I'll probably be labeled a terrible dad for admitting this, but there has been a lot of television watching in my daughter's three years of life. I know you aren’t supposed to watch TV with your children - you’ll rot their brains and all that. I know you are supposed to spend your days playing and educating and showing them the love of nature and all that. We do those things, too. On nice days we go outside, take walks, climb trees, trundle down slides, and explore the woods next to our house. On rainy, cold days we read, color pictures, build giant block towers and hide under the blankets from terrible green monsters.
And yes, we watch TV and movies. When she was younger, I’d watch things I was interested in including zombie movies, foreign flicks, and I’d binge out on Mad Men, Breaking Bad, and any other TV show I’d missed over the years. She’d lay by my side sucking on a bottle, playing with her toys, or sleeping peacefully (ten minutes at a time) while I watched anything I wanted. As she got older, and more able to understand what was happening on the screen I had to switch from the living dead rippling the flesh off of young buxoms and Don Draper terrifying the 1960s to something more age appropriate.
PBS saved my life. During the day, it's nothing but entertaining, educational, marvelously produced children’s programming. I tried not to let her watch too much on any given day, but it sure was nice to be able to put something on that I knew was good programming and commercial free while I grabbed a quick shower or cooked dinner. In the evening hours, I knew I could turn PBS on and catch really good programming that me and the wife could enjoy and that wouldn’t cause the girl to have nightmares.
I’ve talked about my love for PBS before and now I’m starting to sound like a commercial. For someone who doesn’t pay for cable and whose internet connection is too crappy to handle Netflix, PBS really has been a fantastic resource. But I’ll stop gushing now.
The thing is somewhere over the last year we kind of stopped watching their evening programming. I’m not sure exactly why. Where we once used to see what the local affiliate was showing whenever we turned on the TV, I now tend to just pop in a DVD, preferring to watch a movie or binge watch a TV show rather than check out Nova, Nature, or Masterpiece. Again, I’m not entirely sure why. It may be that I’m ready to sit down with a little television earlier then I used to be, which puts me during the News Hour (which I’ve completely given up on) or that I’m hitting it at the in-between hours and I don’t want to start something in the middle. Whatever the reason, the end result has been less PBS, which means I’ve missed a lot of great TV.

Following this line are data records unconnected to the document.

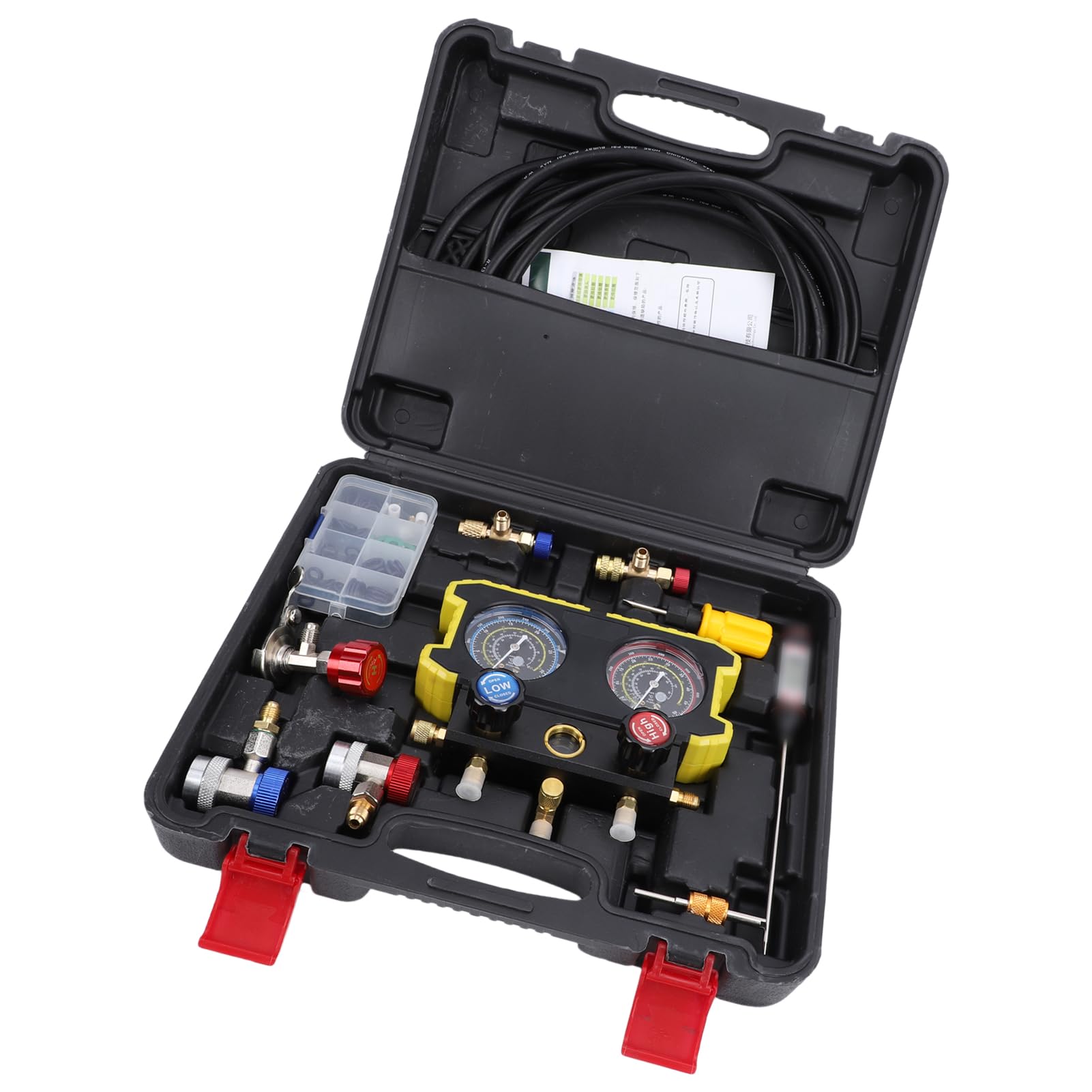 Juego de Manómetros de Colector de CA para Medición Precisa de la Presión Kit de Herramientas de Carga de Refrigerante R134A R22 R410 para Vehículos de Gas y Eléctricos
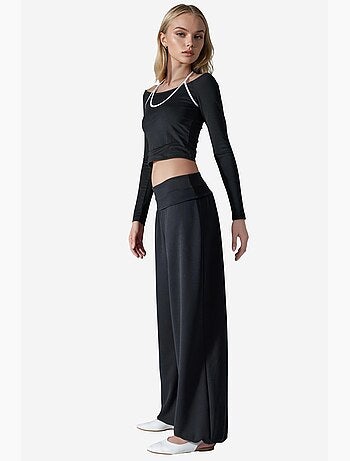 Pantalon jogger en maille à taille mi-haute et jambe large busem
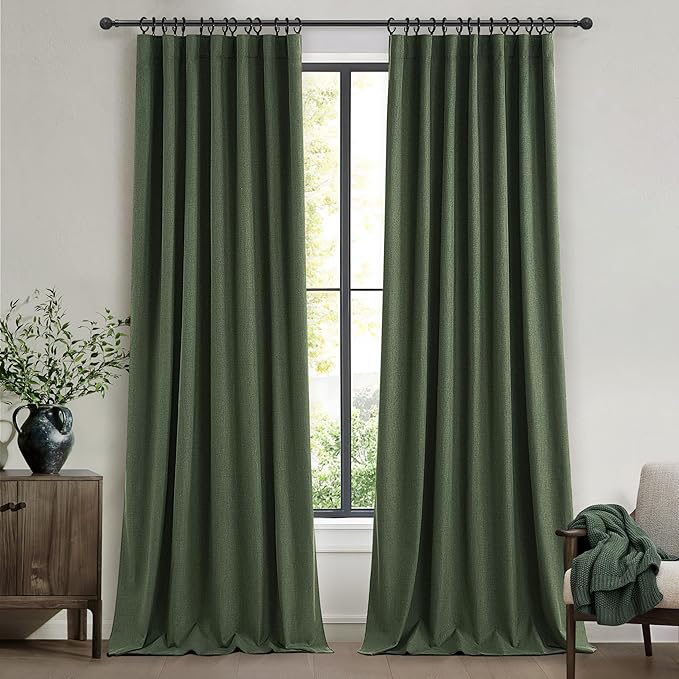 Olive Green Blackout Curtains & Drapes, Dining Room Boho Curtains 96 Inches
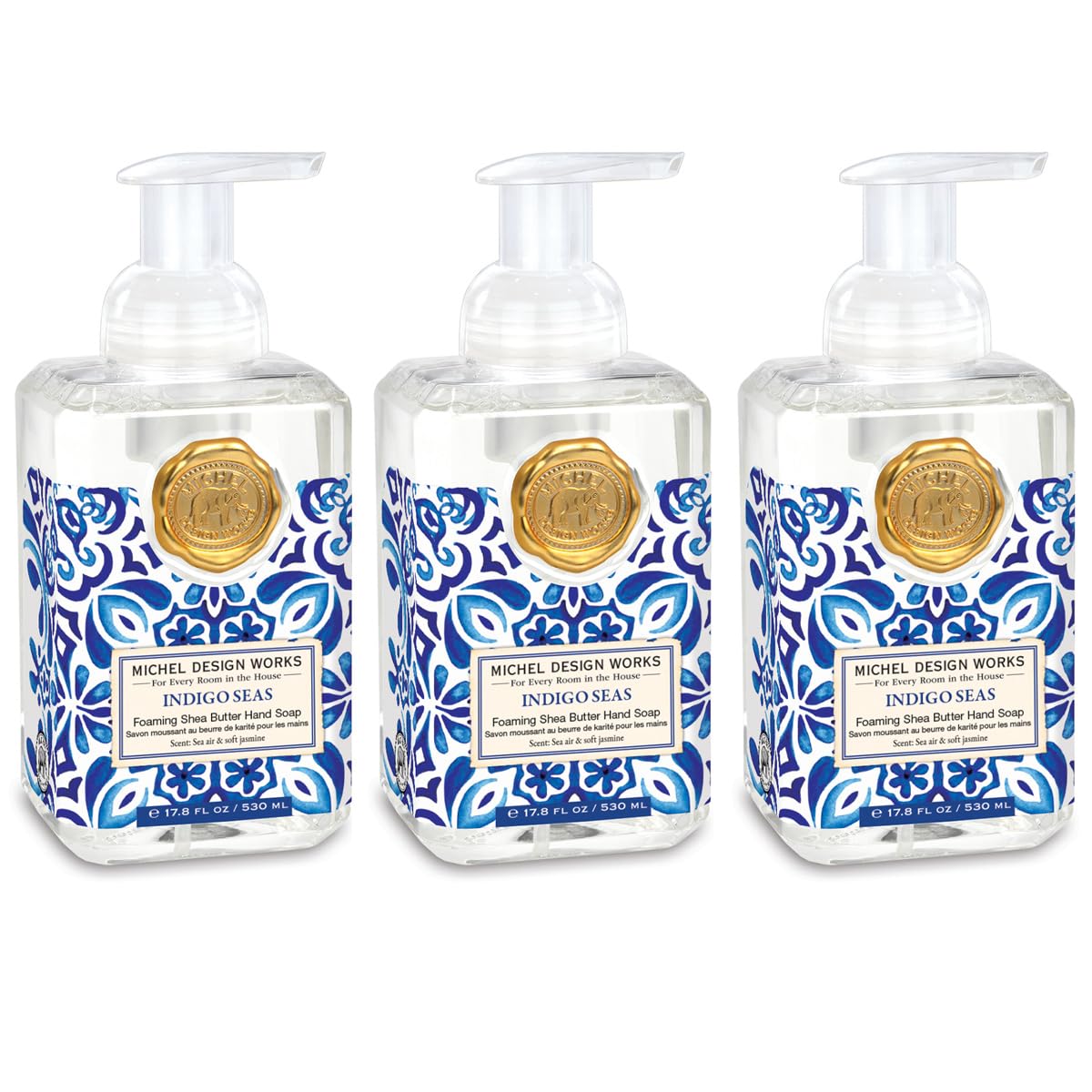 Michel Design Works Indigo Seas 3-PACK Foaming Hand Soaps, 17.8 fl oz each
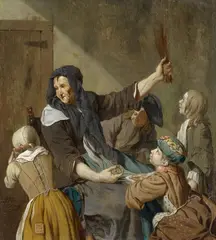 Jan Josef Horemans the Elder, The Lesson, Oil on panel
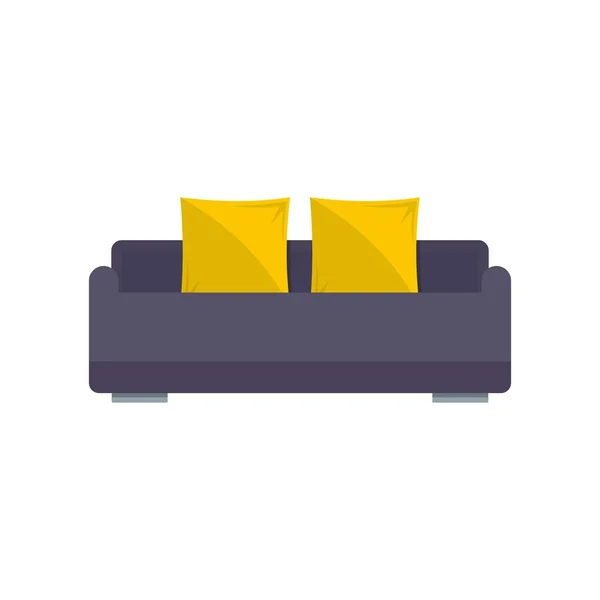 Englische Roll Sofa Ikone, flacher Stil — Stockvektor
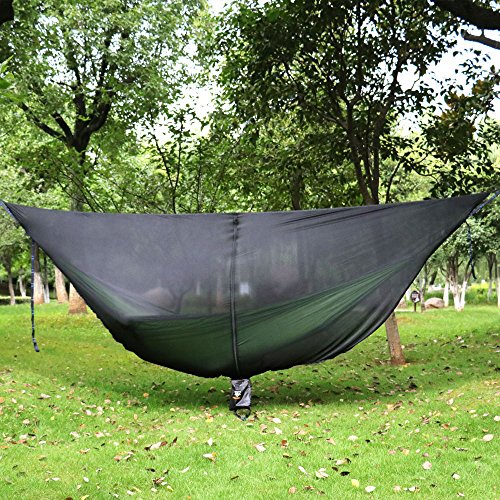 Hammock Bug Net - 12' Hammock Mosquito Net Fits All Camping Hammocks, Compact, Lightweight and Fast Easy Set Up, Security from Bugs and Mosquitoes, Essential Camping and Survival Gear (Black)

This brings me (in the most long winded of ways) to the Pick of the Week. In truth I know very little about Mr. Selfridge. It has not received the sort of buzz that shows like Downton Abbey or Sherlock have received, but the few folks I know who have seen it say nice things. Jeremy Piven is a very good actor and it is a rare thing indeed that Masterpiece programs aren’t very well made and very easy to watch. I’ve caught but bits and pieces of it from time to time and its not been something that I can easily get into in that the scenes I’ve seen don’t make me want to watch anymore, but that’s not necessarily a detriment. Plenty of shows need to be seen from the beginning.
Okay, I just looked at the basic plot lines and I have to admit it is nothing like I thought it would be. For some reason I assumed Mr. Selfridge was some kind of a showman and the program would be about the trials and tribulations of keeping his nightclub going. Turns out its all about the opening of a giant department store in London. That’s not exactly a dynamite concept but I defer to the excellent quality Masterpiece has given us all in the past and hope they can pull this off.
For a week like this, that’s enough to get my pick. Also out that looks interesting:
Hill Street Blues: The Complete Series: I’ve never seen a moment of this cop drama. But it one a whole bunch of Emmys and is generally considered groundbreaking and one of the best series ever made, so I’m ready to give it a shot. This package comes with every single episode, a couple of making-of features, interviews with the cast, gag reels, a 24-page book and commentaries.
Gimme Shelter: Vanessa Hudgens as a teenage girl who runs away from her drug-addicted mom in search of her wealthy father who she’s never known.
Il Sorpasso (Criterion Collection): Italian road comedy that I’ve never heard of get the Criterion treatment.
Father Brown: The Complete Collection: I’ve just started reading G.K. Chesterton’s Father Brown stories and they really are quite delightful. I think they’ve made several TV versions of the beloved character. Kenneth Moore stars in this 1974 version.
Allman Brothers/40: 40th Anniversary Show Live at the Beacon Theatre: I’m not a huge ABB fan but no doubt they got chops and its pretty amazing they lasted this long.